# Don't forget our turkey!~



## SurviveNthrive (May 20, 2010)

If ya got a bit one and are doing a fridge thaw, now might be the time.


----------



## sailaway (Mar 12, 2009)

Shot some phesants and a chucker saturday, we will be having them.


----------



## Clarice (Aug 19, 2010)

We are having our Christmas party at work tomorrow. My boss is to furnish the ham and turkey. He just came in and asked me if he should purchase them today and would they be thawed enough to put in the oven tomorrow. I suggested he buy a smoked turkey and a ham ready to eat. I will take them home tonight and make sure they are heated thru before serving. I make cakes and candy to sell at the holidays and just finished all my baking this morning before coming to work. I only have 2 cakes to frost and 2 ginger bread houses to decorate before tomorrow, so the ham and turkey shouldn't be a problem.


----------



## SurviveNthrive (May 20, 2010)

I certainly hope that your coworkers and boss appreciate it! 

It's not a small thing. Some might not say anything and even act as if it doesn't matter, but it does.

One of the fantastic things at work is some folks really put out decorations and have pot lucks and such. It's wonderful for those folks like me who don't decorate but still appreciate the effect. For the first time I commented on it and I realized that my appreciation conveyed mattered to the woman who put so much effort into making things wonderful as well.


----------



## The_Blob (Dec 24, 2008)

SurviveNthrive said:


> For the first time I commented on it and I realized that my appreciation conveyed mattered to the woman who put so much effort into making things wonderful as well.

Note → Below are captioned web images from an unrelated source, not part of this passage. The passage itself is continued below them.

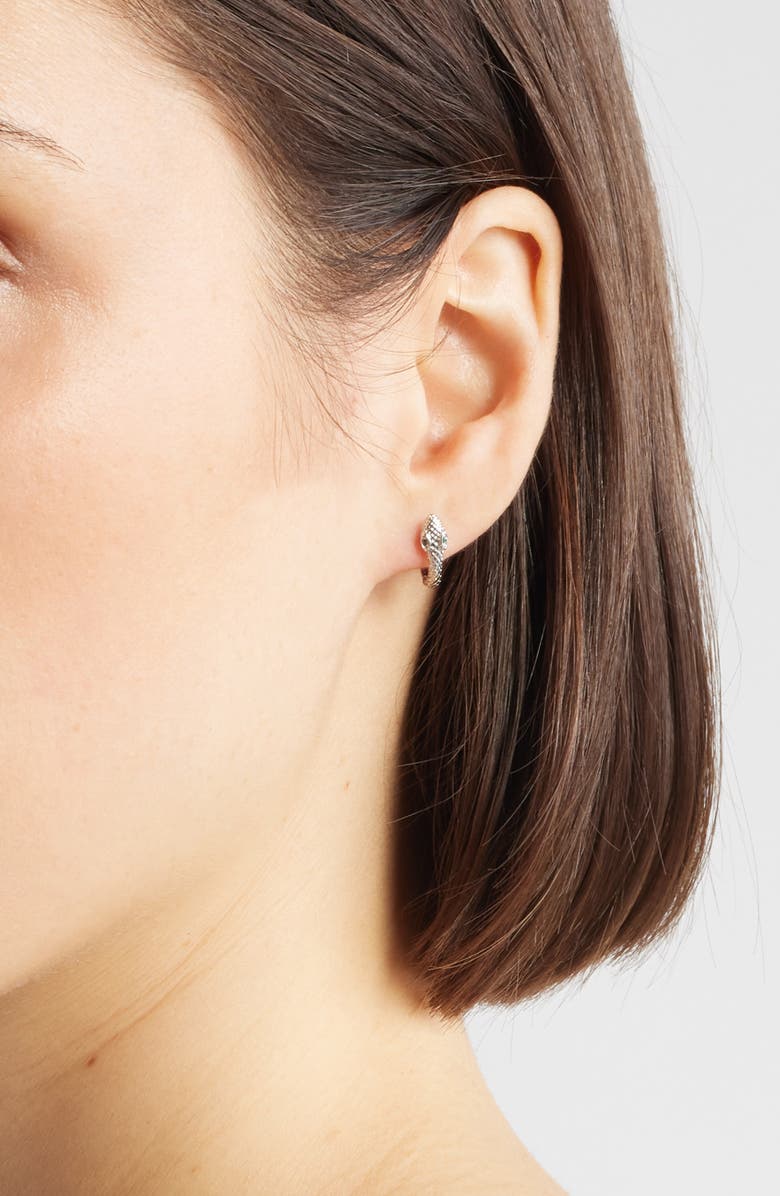 Child of Wild Zephyr Snake Huggie Hoop Earrings, Alternate, color, 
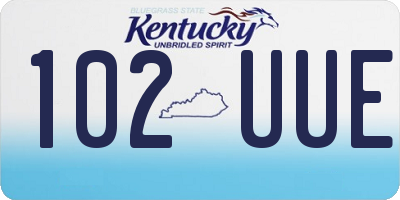 KY license plate 102UUE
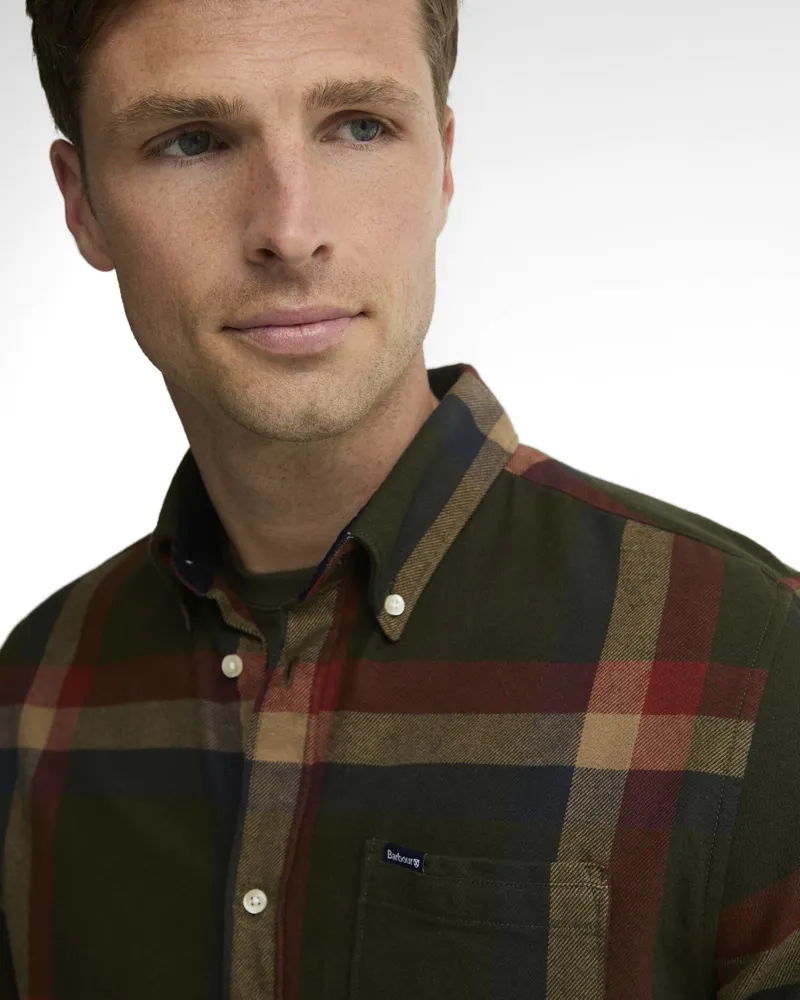 Barbour Men's Folley Tailored Checked Shirt - Mid Olive-4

I think that many folks have forgotten that kind words don't cost anything and generally have substantial 'payouts'... :congrat:

let's all *try* to remember that *after* the holidays, I'm going to try


----------



## ComputerGuy (Dec 10, 2010)

We raise our own turkeys. The last one we named Thanksgiving! We raised him for a party and were politely told that the ladies preferred a "real" turkey from the store. WTF. We took care of business and he dressed out at 26lbs 4 oz.

Christmas will be a tad smaller. I am estimating 21 lbs.

We raised them from chicks


----------



## lotsoflead (Jul 25, 2010)

we took out a turkey, a couple rabbits, a pork shoulder and a few venison steaks.


----------



## Sonnyjim (Sep 17, 2009)

We have 10 turkey $ from our local store. Now to find a nice small turkey.


----------



## catsraven (Jan 25, 2010)

We are having Cornish hens. Im going to put them in the rotisserie.


----------



## sailaway (Mar 12, 2009)

catsraven said:


> We are having Cornish hens. Im going to put them in the rotisserie.


I love Cornish Hens, bonne appitite!


----------